The 2017 version of Kelly will vaguely mention execution as something that lacked Saturday. That discretion is a credit to him.
It does not change the reality that the Irish players did not execute. Be it youth, inexperience or incompetence — and the first two are quite apparent with any look at the roster, let alone a moment watching a game — the fundamental execution will need to improve moving forward for Notre Dame to truly “dominate” as was its mantra from Sept. 10 to Nov. 10.
On the limited reach of any one position group
Aside from a rare quarterback and the once-in-a-generation Ndamukong Suh, no single player or position can change the entire outlook of a game. In Notre Dame’s case, its greatest strength is its offensive line. Without a viable passing attack, however, Miami’s defensive line was able to overcome the Irish run blocking. There was not much fifth-year left tackle Mike McGlinchey and senior left guard Quenton Nelson were going to do about it. The Hurricanes knew they had to worry about Notre Dame’s ground game. They keyed on it, and the athletic defensive linemen outraced Irish junior running back Josh Adams to the edge time and time again.
Notre Dame should and will continue to attract top-flight offensive line recruits.
“We have a great history of getting great offensive linemen here,” Kelly said Tuesday in answering a forward-looking query. “… We should be really good at running the football here at Notre Dame.”
A brother of this scribe undoubtedly delighted hearing that. Every Christmas he insists on spending the hour between Christmas Eve services and Christmas Eve’s feast asking why the Irish don’t focus more on a power run game. His argumentative style devolves to one similar to his 10-year-old stepdaughter’s. Any reasonable response is met with Why? or How? or Why not? Eventually the cheesy potatoes, cheesy spinach and pork roast are served. His questions abate.
His point is valid, but it is also very incomplete.
Notre Dame cannot rely solely on a power run game until it has a well-rounded offense. Superior defensive lines will make sure of that.

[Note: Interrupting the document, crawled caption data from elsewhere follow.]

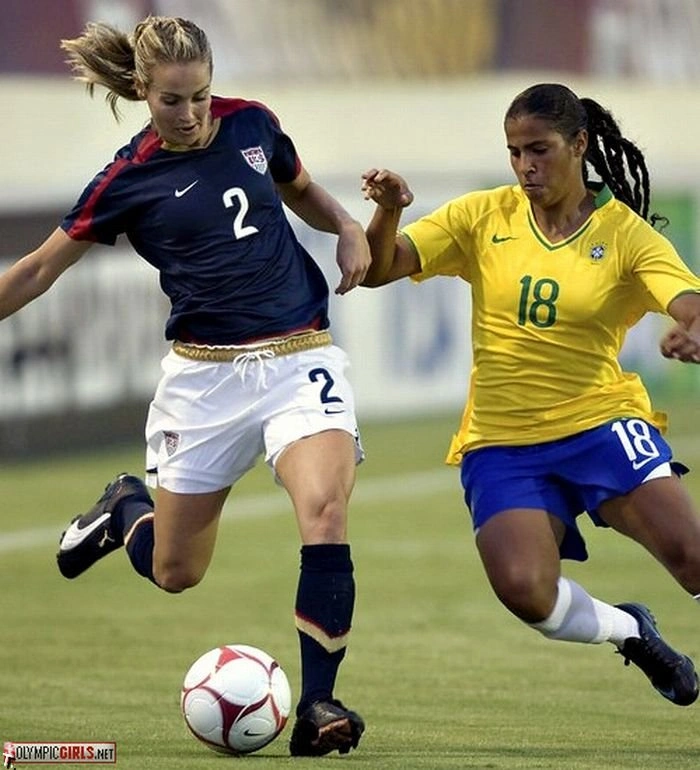 Найсексуальніші костюми для різних видів спорту (60 фото) – фото 39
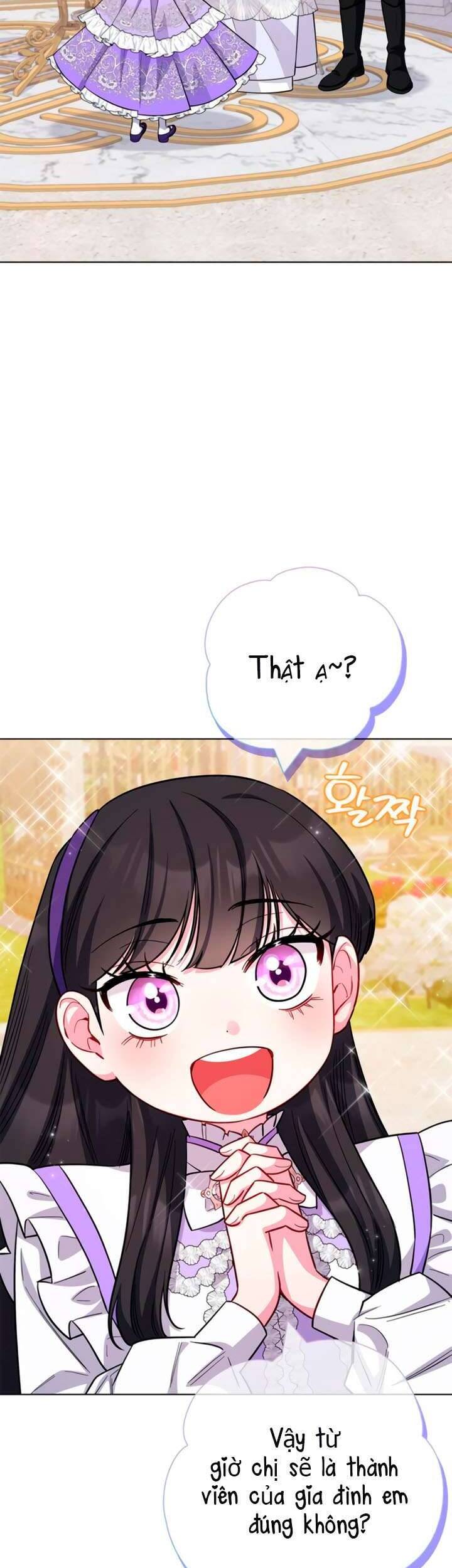 Tôi Trở Thành Mẹ Của Nam Chính Chapter 80 - Trang 30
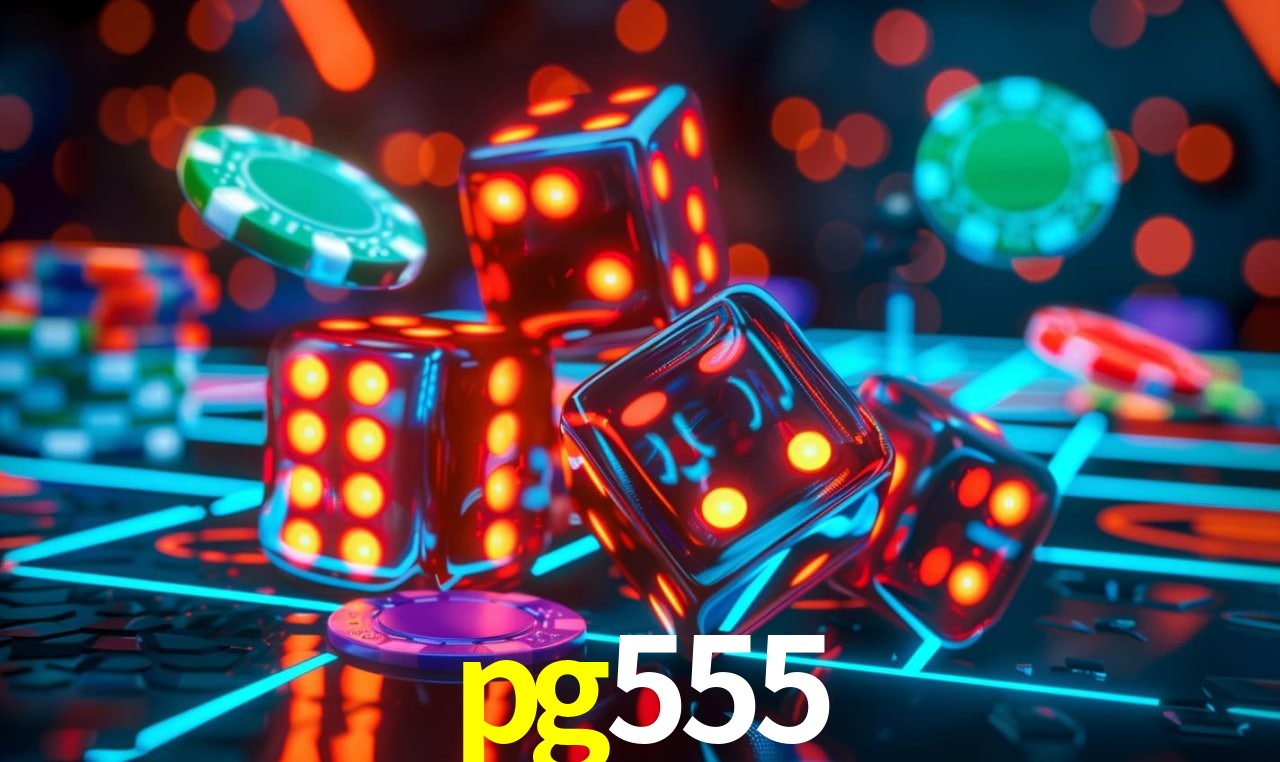 A Emoção da Loteria na pg555: Uma Chance de Mudança de Vida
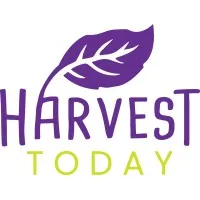 Harvest Today Harvest Today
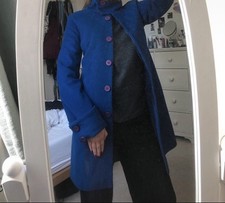 Reiss coat buttons for sale  MANCHESTER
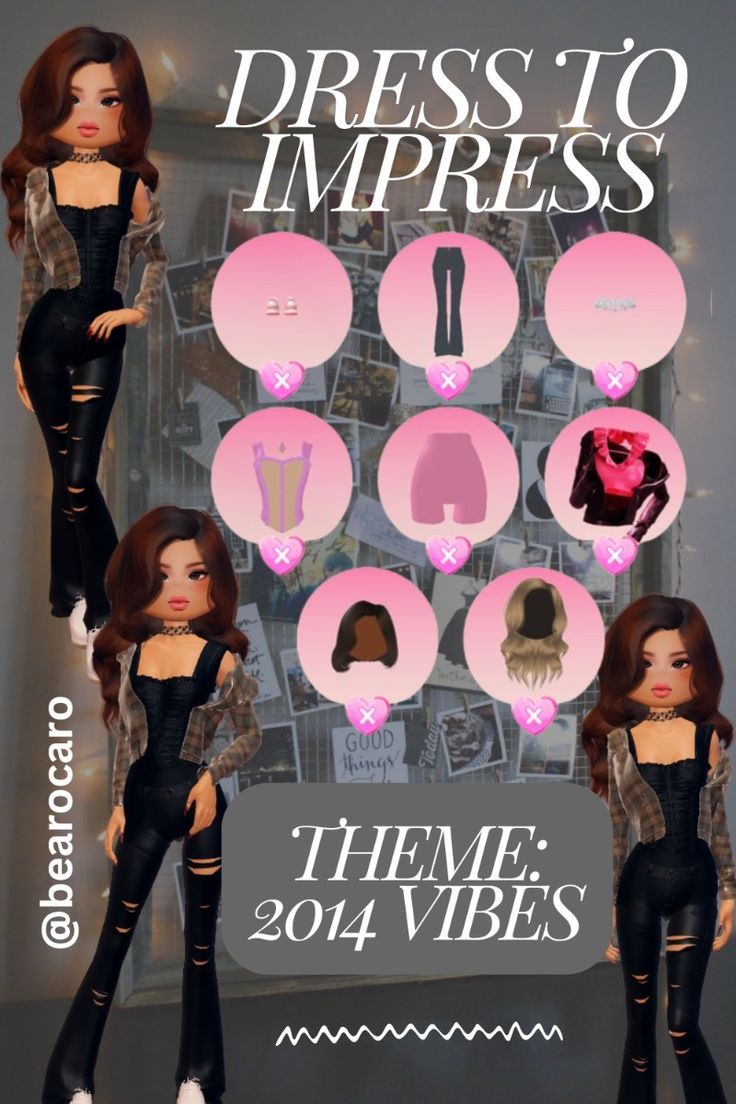 Pin by VioletJackson on dress to impress in 2024 | Dress to impress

At some point, the Irish will theoretically boast a defensive front capable of neutralizing a one-dimensional attack in a similar fashion. It is not outside the realm of possibility those players are already contributing, led by Hayes and classmates Khalid Kareem and Julian Okwara. Freshmen defensive tackles Myron Tagovaioloa-Amosa and Kurt Hinish have acquitted themselves quite well this season, even more so when compared to summer’s expectations.
Defensive coordinator Mike Elko has improved that front drastically this season, yet it remains far below the level of Miami’s, Georgia’s and even North Carolina State’s. Elko’s progress has been more than ever could have been anticipated. Closing the entire gap in one year was never feasible.